|
Только приехав двадцатого июля в Москву, Толстой узнал об обыске: его рукописи, письма, дневник читали жандармы, его дом осквернен, а в доброй воле сомневаются крестьяне. Нет, оставить это просто так было нельзя! В гневе поистине барском обращается он к «бабушке» Александрин, которая для него олицетворяет двор:
«Хороши ваши друзья! Ведь все Потаповы, Долгорукие и Аракчеевы и Равелины – это все ваши друзья… Какой-то из ваших друзей, грязный полковник, перечитал все мои письма и дневники, которые я только перед смертью думал поручить тому другу, который будет мне тогда ближе всех… Счастье мое и этого вашего друга, что меня тут не было – я бы его убил!.. ежели бы можно было уйти куда-нибудь от этих разбойников с вымытыми душистым мылом щеками и руками, которые приветливо улыбаются. Я, право, уйду, коли еще проживу долго, в монастырь, не Богу молиться – это не нужно, по-моему, а не видать всю мерзость житейского разврата – напыщенного, самодовольного и в эполетах и кринолинах. Тьфу! Как вы, отличный человек, живете в Петербурге? Этого я никогда не пойму, или у вас катаракты на глазах, что вы не видите ничего».

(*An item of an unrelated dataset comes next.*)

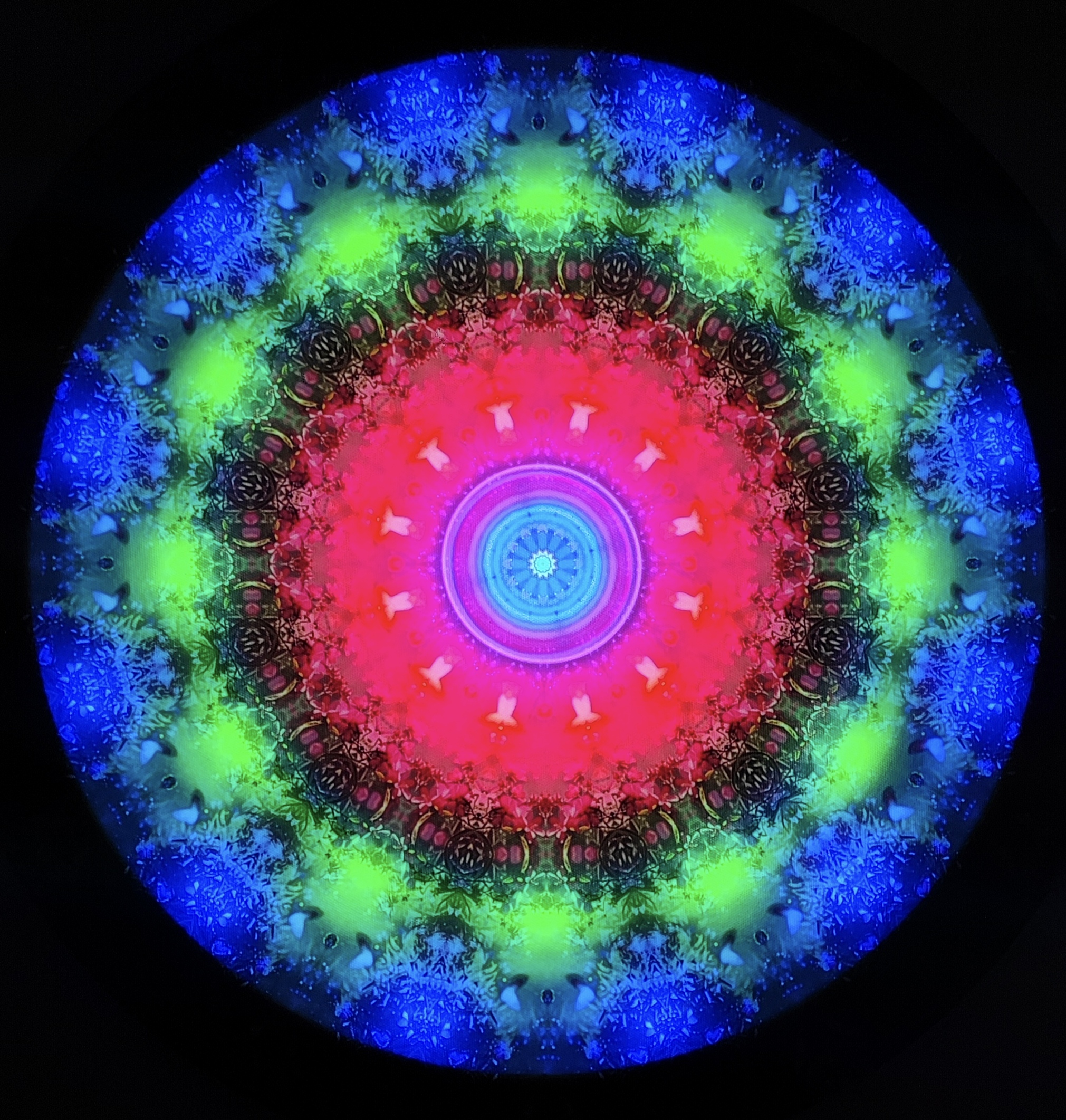 Florile pădurii-50 cm-stoc epuizat - imagine 10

Тридцать первого он был в Ясной, где от тетушки узнал все подробности. В течение недели в нем клокотал гнев, и, когда он достиг высшей точки, второе письмо было отправлено Александрин:
«Дела этого оставить я никак не хочу и не могу. Вся моя деятельность, в которой я нашел счастье и успокоенье, испорчена. Тетенька больна так, что не встанет. Народ смотрит на меня уж не как на честного человека, мнение, которое я заслужил годами, а как на преступника, поджигателя или делателя фальшивой монеты, который только по плутоватости увернулся. „Что, брат? попался! Будет тебе толковать нам о честности, справедливости; самого чуть не заковали“. О помещиках, что и говорить, это стон восторга. Напишите мне, пожалуйста, скорее, посоветовавшись с Перовским или А. Толстым, или с кем хотите, как мне написать и как передать письмо государю? Выхода мне нет другого, как получить такое же гласное удовлетворение, как и оскорбление (поправить дело уже невозможно), или экспатриироваться, на что я твердо решился. К Герцену я не поеду. Герцен сам по себе, я сам по себе. Я и прятаться не стану, я громко объявлю, что продаю именья, чтобы уехать из России, где нельзя знать минутой вперед, что меня, и сестру, и жену, и мать не скуют и не высекут, – я уеду».
К концу письма у него даже появляются мысли о самоубийстве: «У меня в комнате заряжены пистолеты, и я жду минуты, когда все это разрешится как-нибудь».
Хотя Александра Толстая и состояла при дворе, несправедливость приняла близко к сердцу и отвечала своему несносному племяннику с нежностью и достоинством, что первое письмо взбудоражило ее, а второе заставило горько плакать, что кровь ее кипела, когда она воображала себе, как жандармы рылись в его бумагах. Обещала предпринять шаги с тем, чтобы ему были принесены извинения, и убеждала, что ни государь, ни шеф жандармов не одобряли действия своих посланников. Пыталась уверить, что в России слишком много заговоров и демократических излишеств, а потому жандармы просто теряют голову, и невольная несправедливость касается иногда людей невиновных и честных. И раз число подозреваемых все растет, не надо стыдиться, что тебя подозревают в чем-то недобром по отношению к власти. Главное, чтобы совесть была спокойна, и не идти на поводу у своего честолюбия. Именем всего, что есть для него святого, она призывала Льва не прибегать к крайним мерам, говорила о том, что мы не задумываемся, совершая массу несправедливостей в отношении Всевышнего, но как только несправедливость касается нас самих, нам это кажется невозможным перенести. Упрекала в мыслях о том, будто она боится быть скомпрометированной его письмами. Говорила о своей материнской любви к нему, советовала положиться на Бога.